“See the movie! Buy the toy!” – proving your fandom through consumption

I have a friend who saw Star Wars 29 times in the theatre in 1977. An impressive bit of fandom.

But seeing a film an excessive number of times became passe after the introduction of the VCR. So how does a ‘true fan’ show they love their favorite film?

Merchandise.


Merchandising tied to movies is almost as old as movies themselves. It is thought the first product tie-in was in 1929 for the Mickey Mouse film Steamboat Willie.

There were a number of toys, lunch boxes, and other pop culture swag over the years featuring various movie and tv properties, almost exclusively aimed at children.

The product tie-in idea was happening on a low level for decades.

Then Star Wars weaponized it.

Suddenly it wasn’t one toy or one lunch box. It was dozens.

And t-shirts.

And posters

And clothes and statues and blankets and on and on.

Kenner’s toy line reportedly made over $100 million in the first year.

That was the childhood of Generation X.


Generation X was the first generation to abandon the idea of “putting aside childish things.”

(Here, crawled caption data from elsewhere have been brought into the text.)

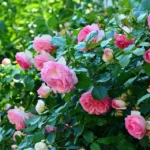 Rose bed at the cottage: the best varieties, design ideas, combinations with other plants (80 photos) Park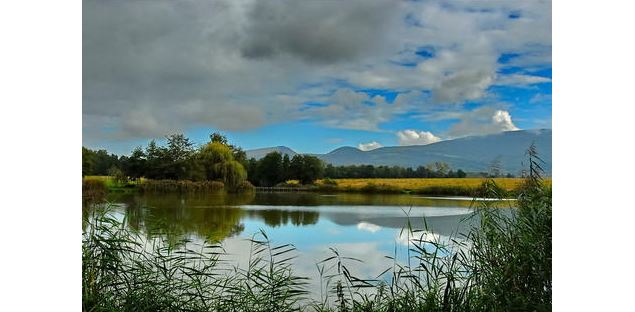 Etang des Pilles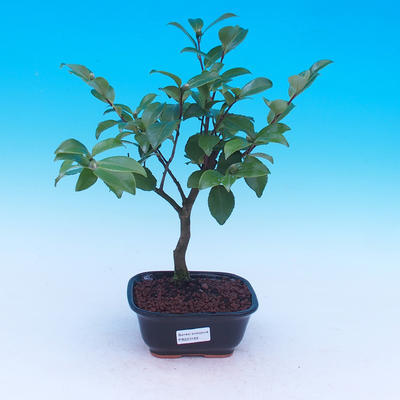 Room-bonsai Camellia Camellia-euphlebia - 2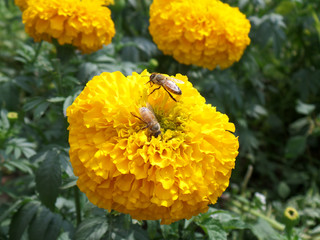 Pair of little bees collecting nectar on a blooming vibrant yellow Marigold flower 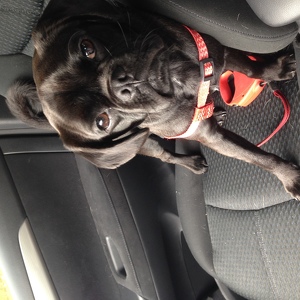 Fundraising Page: Erin Rock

This was partly a reaction to our parents’ nostalgia. Boomers were buying up the artifacts of their childhoods at vastly-inflated prices. That meant the children of the 80s were trained to not give up those toys in the first place, a hedge against later, expensive, nostalgia.

When Kenner revived the Star Wars toy line in the mid-1990s, the target audience was no longer children, it was 20-somethings who could now spend their video-store-clerk pay cheque on $500 AT-ATs.

With new Star Wars movies still years away, the only way one could demonstrate how much they loved the films was to buy more stuff.

Today, the success of certain properties is directly tied to how it can be monetized in merchandise. Paul Dini has said that the cancellation of Young Justice was directly related it having the ‘wrong’ demographics to sell the ‘right’ toys.


I have a few fandoms that haven’t been minimized yet. In general I have reduced to one or two very nice pieces from the various franchises I enjoy.

I think there is a place for reminding yourself and others that you love Dr Who or Lost, but it is very very easy to go overboard these days.

I started in the 90s collecting a lot of Star Wars, for example. As the volume became overwhelming, that was reduced to just Tattooine. Then there was too much to keep up with there and it became that I only bought Jawa merchandise.

Every time I curate, they move the line of what I “need” to keep up the collection.

Did you know there’s a $500 Jawa action figure set?

If I get that, will I finally prove how much I love Jawas?